* Problem
Return exactly the lines from the "iso 9001 bubble red icon" line through the last line of the entries below. Include no pictures.

[Records drawn from a dataset]
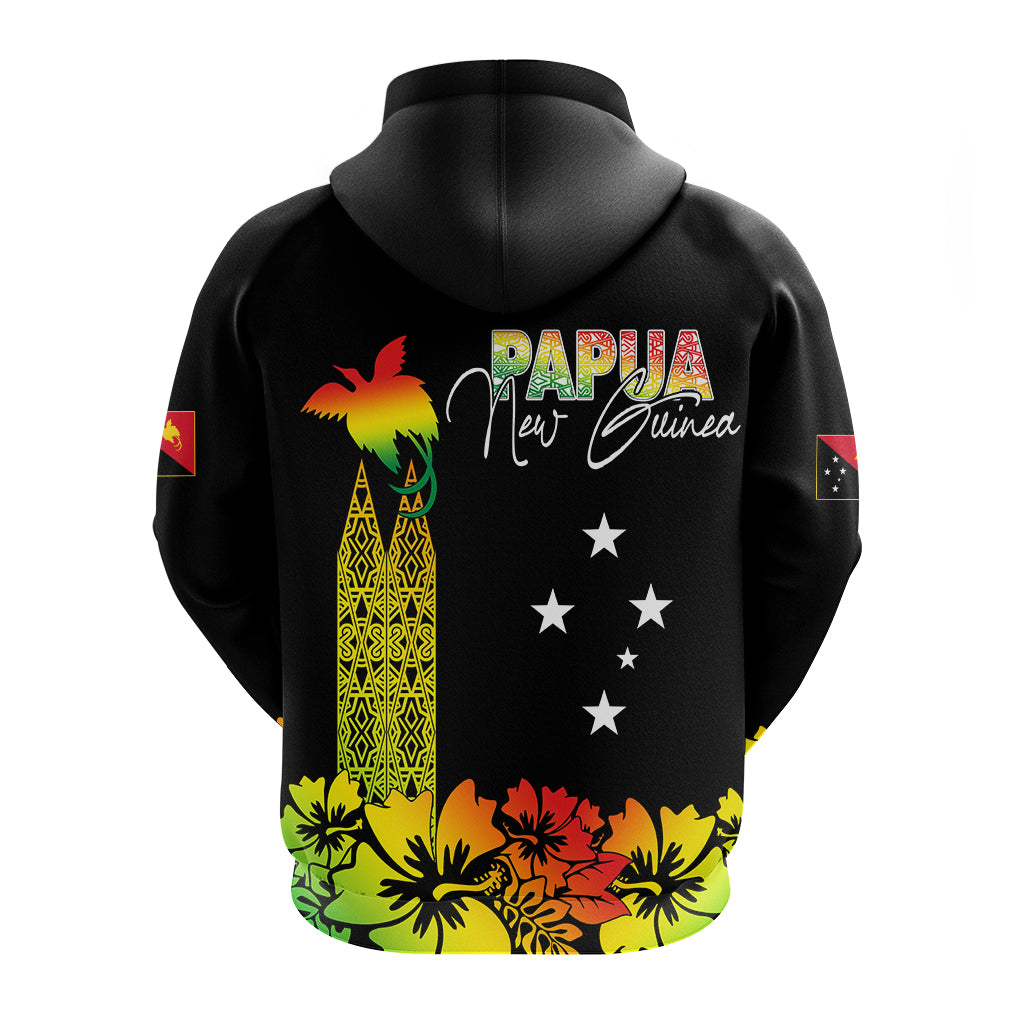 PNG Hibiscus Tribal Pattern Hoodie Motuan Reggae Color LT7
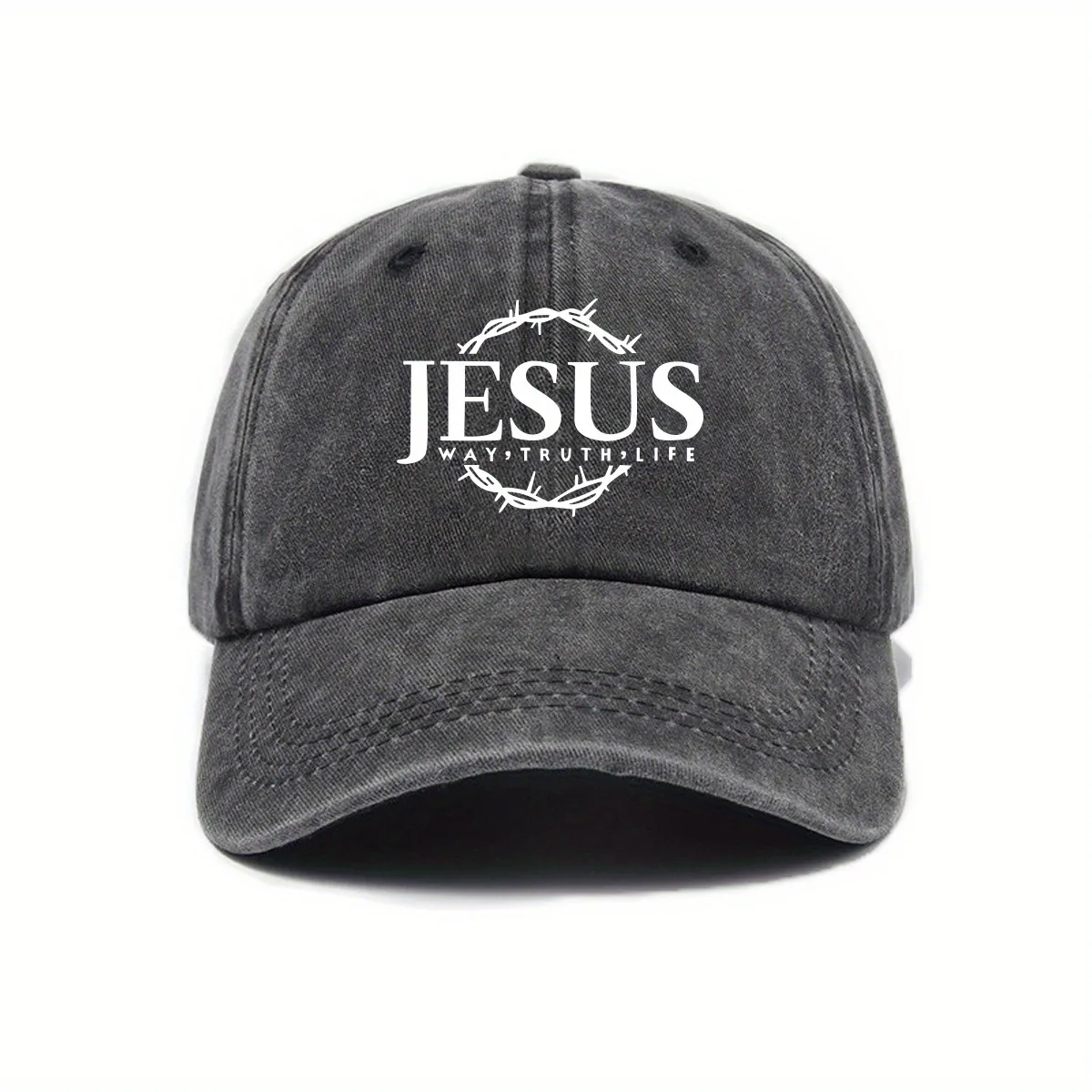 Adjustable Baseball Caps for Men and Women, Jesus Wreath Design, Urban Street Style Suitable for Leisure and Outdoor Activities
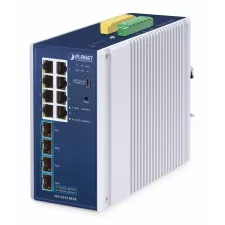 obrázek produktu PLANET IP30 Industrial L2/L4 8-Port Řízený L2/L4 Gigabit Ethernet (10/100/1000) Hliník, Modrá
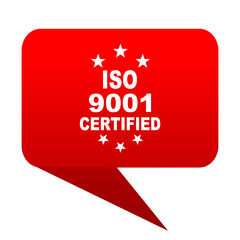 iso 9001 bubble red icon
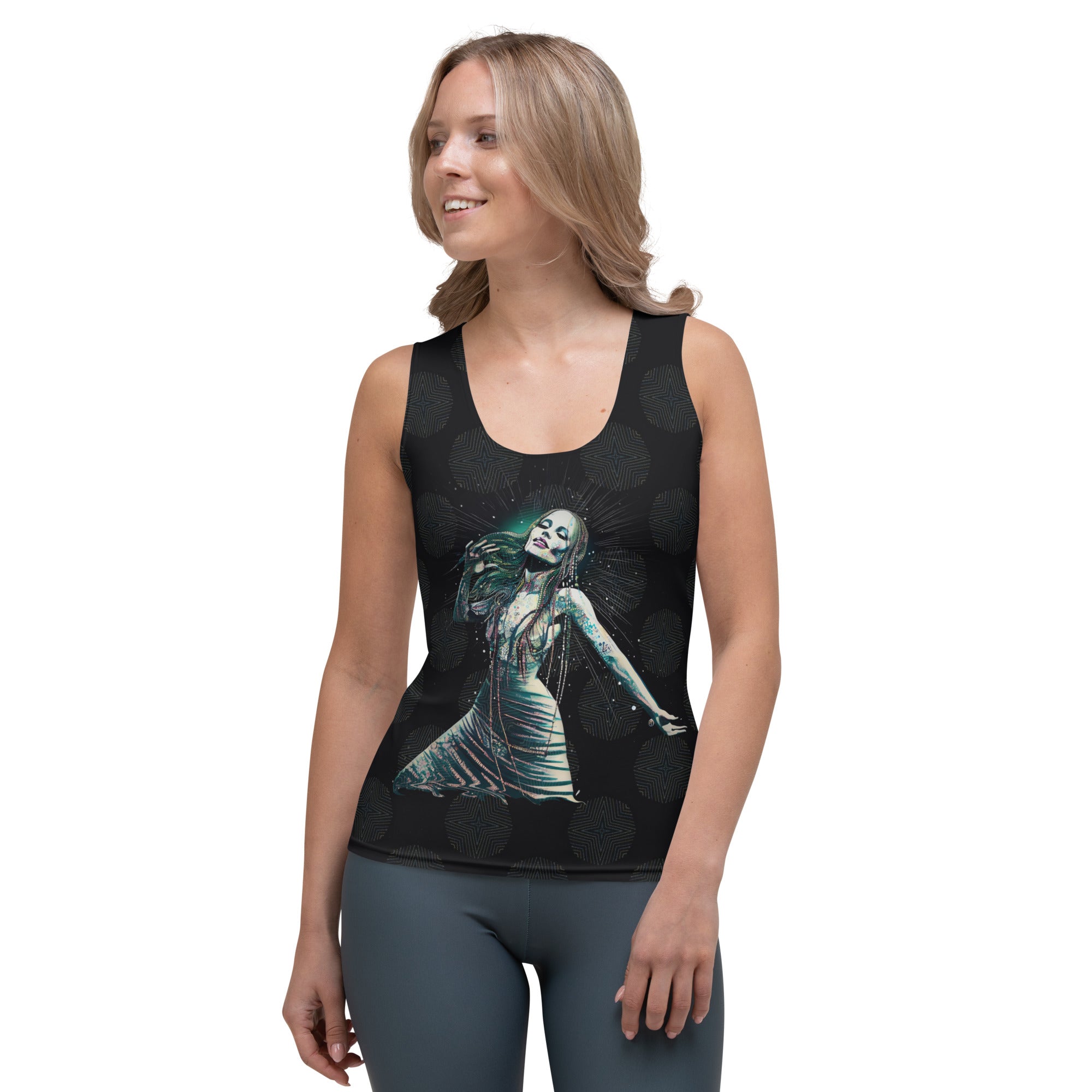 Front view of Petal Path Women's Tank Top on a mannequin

* Result below
 iso 9001 bubble red icon
 Front view of Petal Path Women's Tank Top on a mannequin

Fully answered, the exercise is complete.